MicroFloatingPoints

The MicroFloatingPoints package allows to manipulate small IEEE 754-compliant floating-point numbers, aka. minifloats, which are smaller or equal to the Float32 format mandated by the standard.

The library may serve to exemplify the behavior of IEEE 754 floating-point numbers in a systematic way through the use of very small formats.

At its core, the package defines a new type Floatmu parameterized by two integers:

• szE, the number of bits used to represent the exponent;
• szf, the number of bits used to represent the fractional part (excluding the so-called hidden bit).

As the figure below shows, the total length of an object of the type Floatmu{szE,szf} is $1+\text{szE}+\text{szf}$ bits[1].

Floatmu{szE,szf} objects are stored in 32 bit unsigned integers, which puts a limit on the maximum value of szE and szf. All computations are performed internally with double precision Float64 floats. To ensure that no double rounding will occur, viz. that the computation performed in double precision, once rounded to a Floatmu{szE,szf}, will give a result identical to the one we would have obtained had we performed it entirely with the precision of the Floatmu{szE,szf} type, we limit the size of a Floatmu{szE,szf} to that of a Float32 [Rump2016].

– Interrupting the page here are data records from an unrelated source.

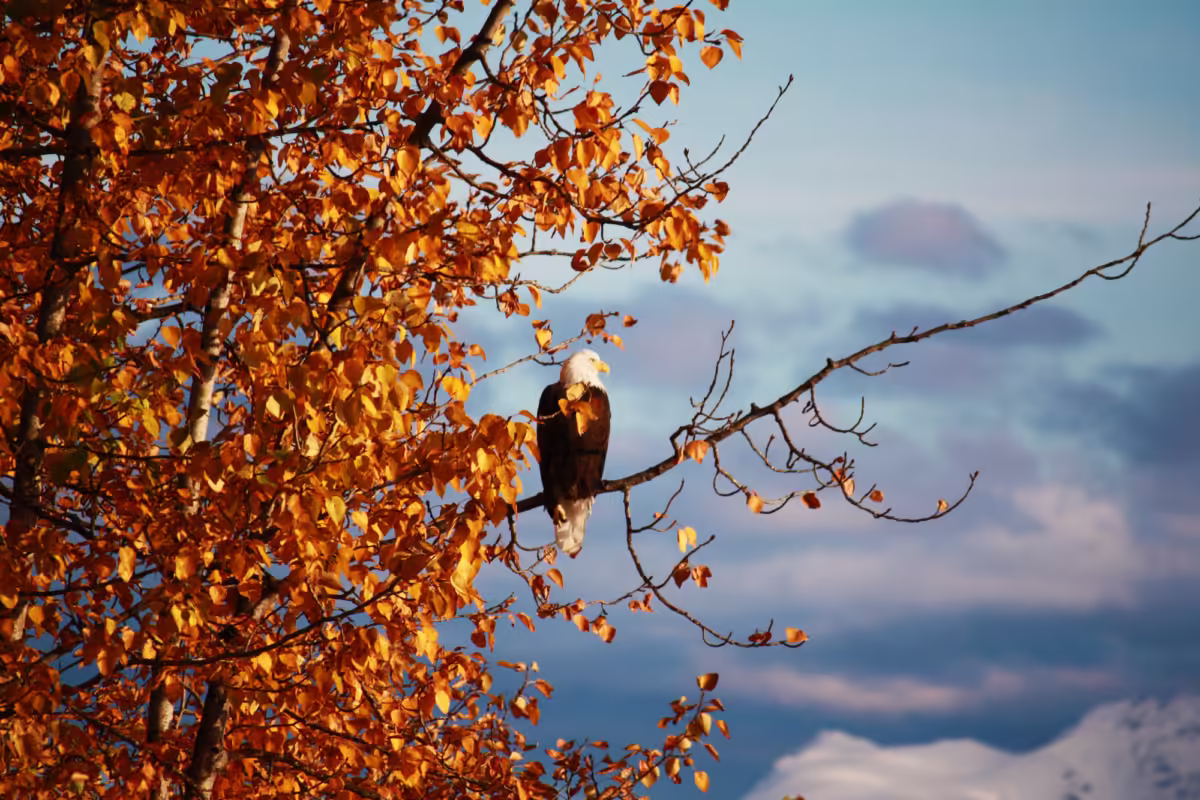 Bald Eagle perched in a tree photographed by James Bailey in South Africa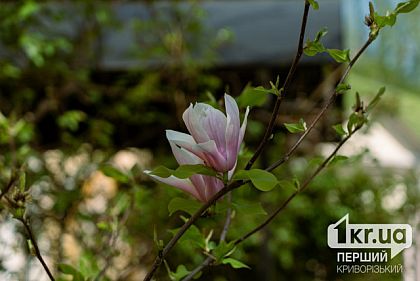 Прогноз погоди на 27 березня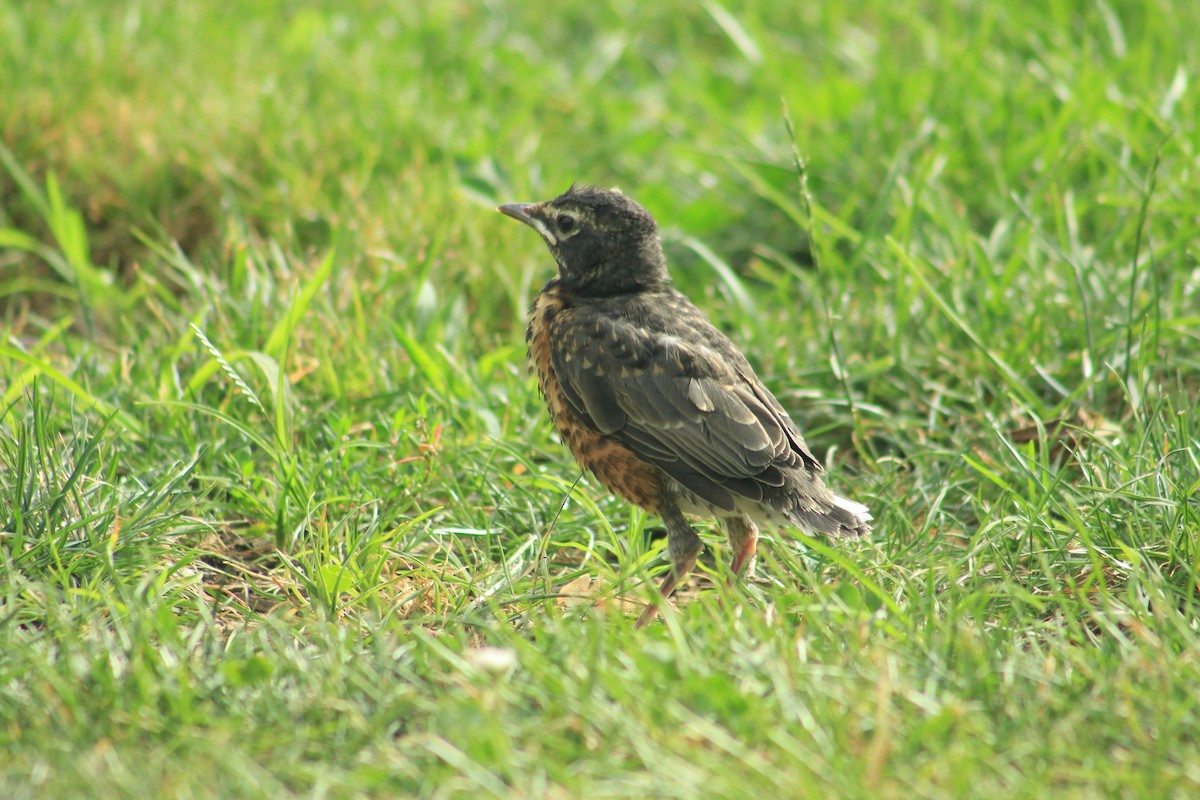 Zozo papargorria - ML639610686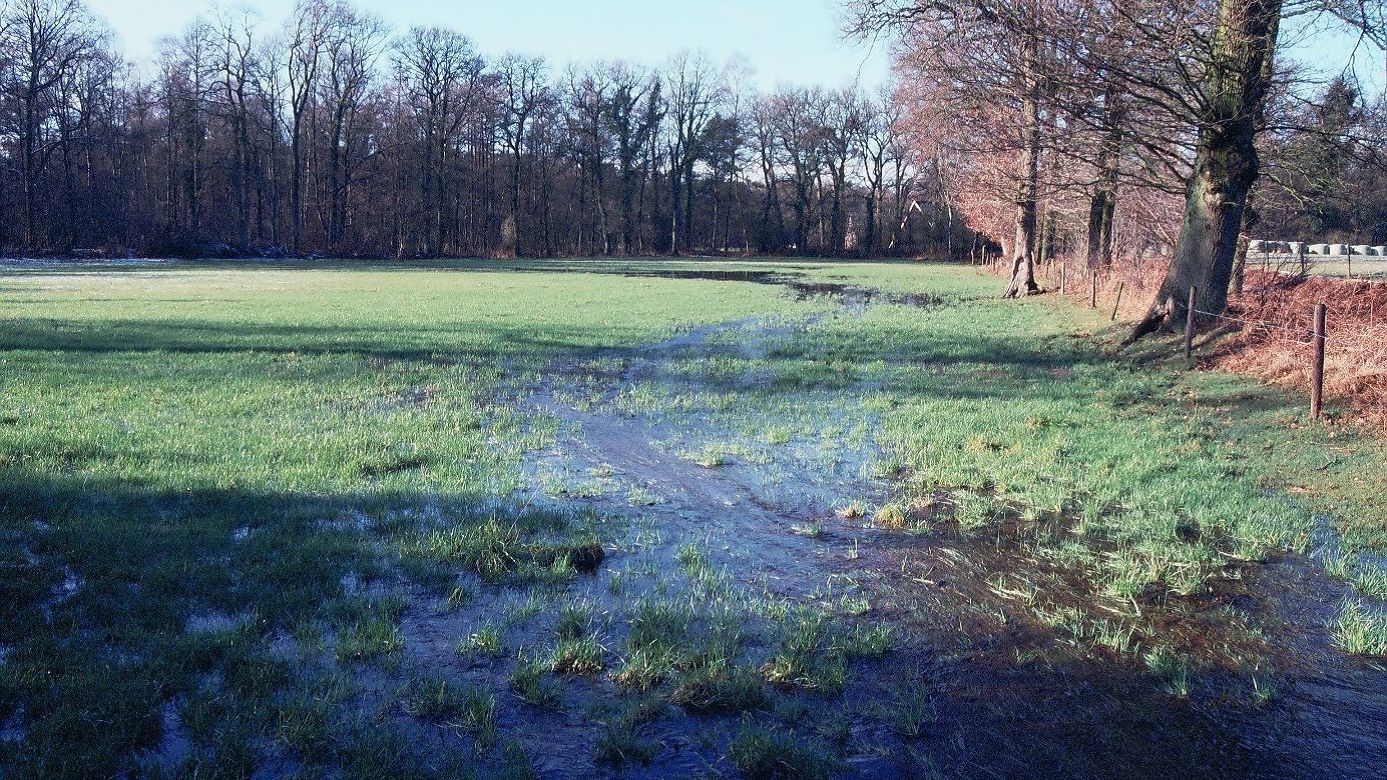 Grünlandbewässerung Niederlande
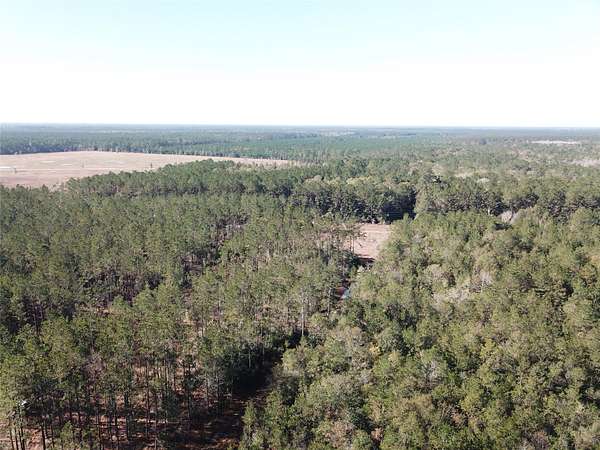 125 Acres of Recreational Land for Sale in Kountze, Texas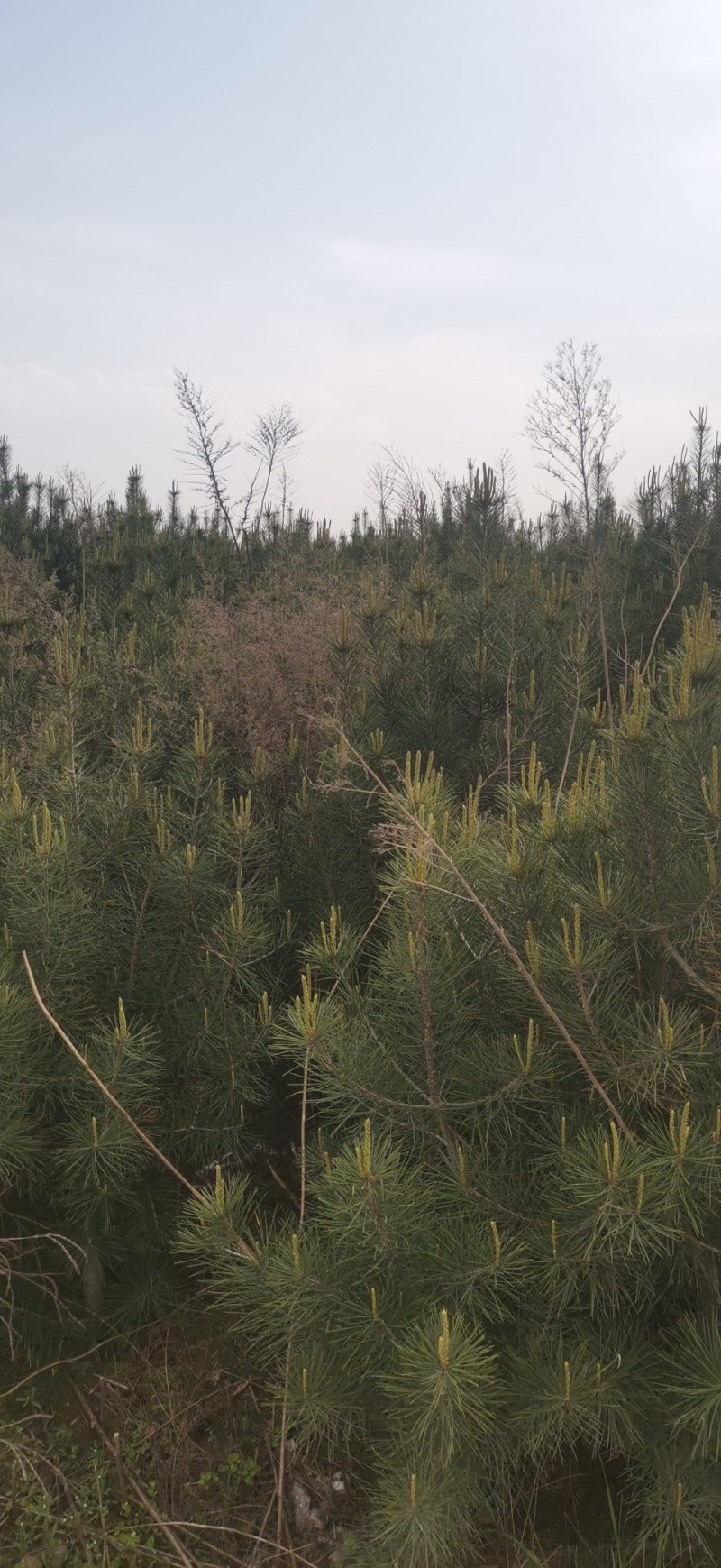 白皮松绿化树，风景树，2米左右！
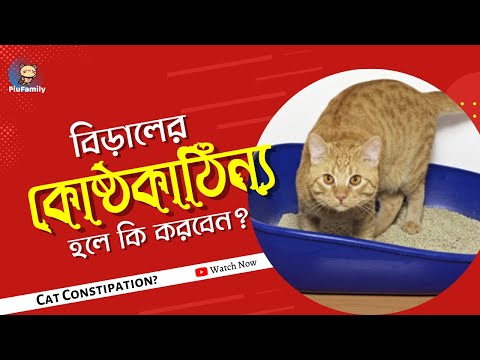 ভিডিও: কিভাবে একটি বোম্বে বিড়াল সনাক্ত করতে: 9 ধাপ (ছবি সহ)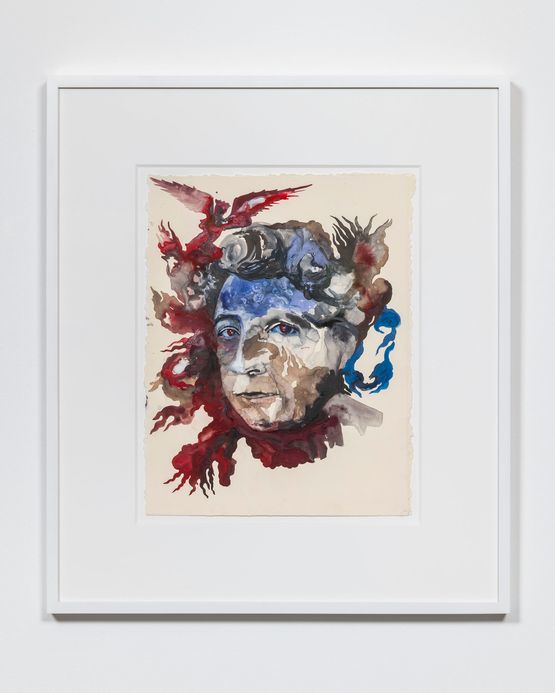Portrait of Adrienne Rich Diving into the Wreck by Shahzia Sikander contemporary artwork Works on Paper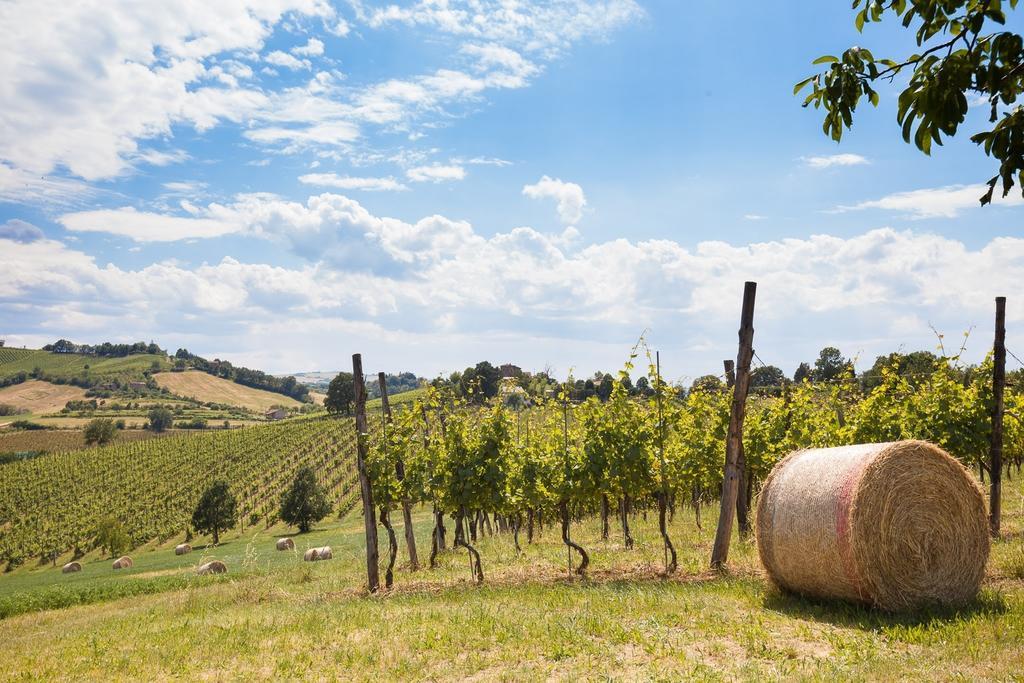 La Ca Dal Non Bioagriturismo - Alpenice Savignano sul Panaro Bagian luar foto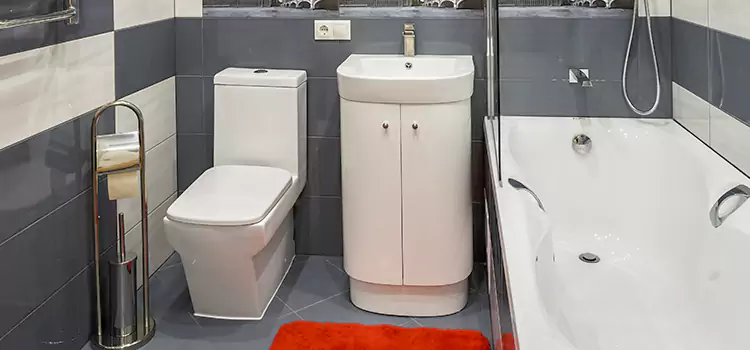 Hansgrohe Shaving Mirror Magna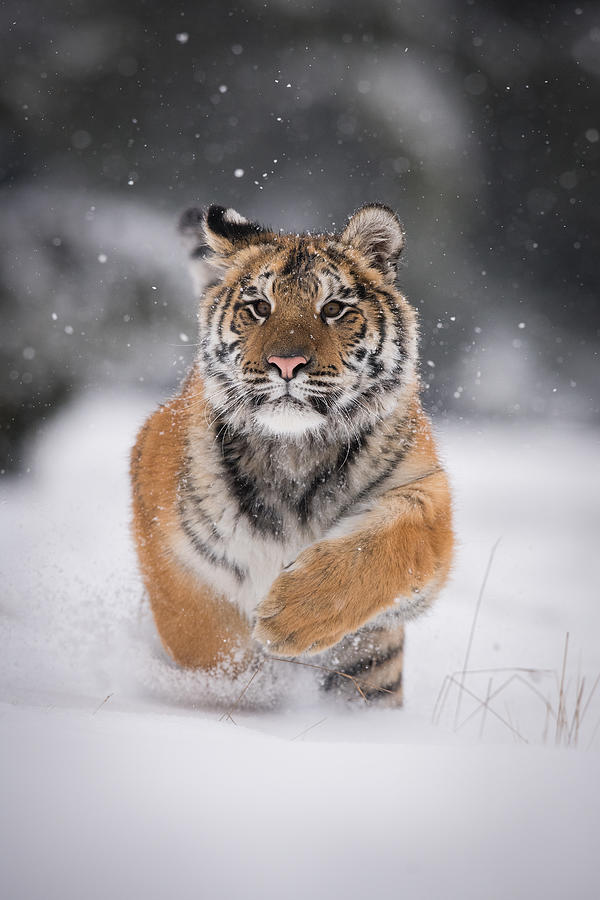 The Siberian Tiger, Panthera Tigris Tigris #2 Photograph by Petr Simon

The limits on the integers szE and szf are therefore:

$$$\left\{\begin{array}{l} 2\leqslant\text{szE}\leqslant8\\ 2\leqslant\text{szf}\leqslant23 \end{array}\right.$$$

Under these constraints, one can manipulate and compute with very small floats (e.g. 2 bits for the exponent and 2 bits for the fractional part) that comply with the IEEE 754 standard. It is also possible to emulate more established formats such as:

• Float16, the IEEE 754 half-precision format: Floatmu{5,10}
• Float32, the IEEE 754 single precision format: Floatmu{8,23}
• bfloat16, the Brain Floating Point by Google: Floatmu{8,7}
• TensorFloat-32, the format by NVIDIA: Floatmu{8,10}
• AMD's fp24: Floatmu{7,16}
• Pixar's PXR24: Floatmu{8,15}
• and many more…
• 1The size of the object representing a Floatmu may be much larger however, as it corresponds currently to two 32 bits unsigned integers per Floatmu.
• Rump2016IEEE754 Precision-$k$ base-$\beta$ Arithmetic Inherited by Precision-$m$ Base-$\beta$ Arithmetic for $k<m$. Siegfried M. Rump, ACM Transactions on Mathematical Software, Vol. 43, N° 3. December 2016.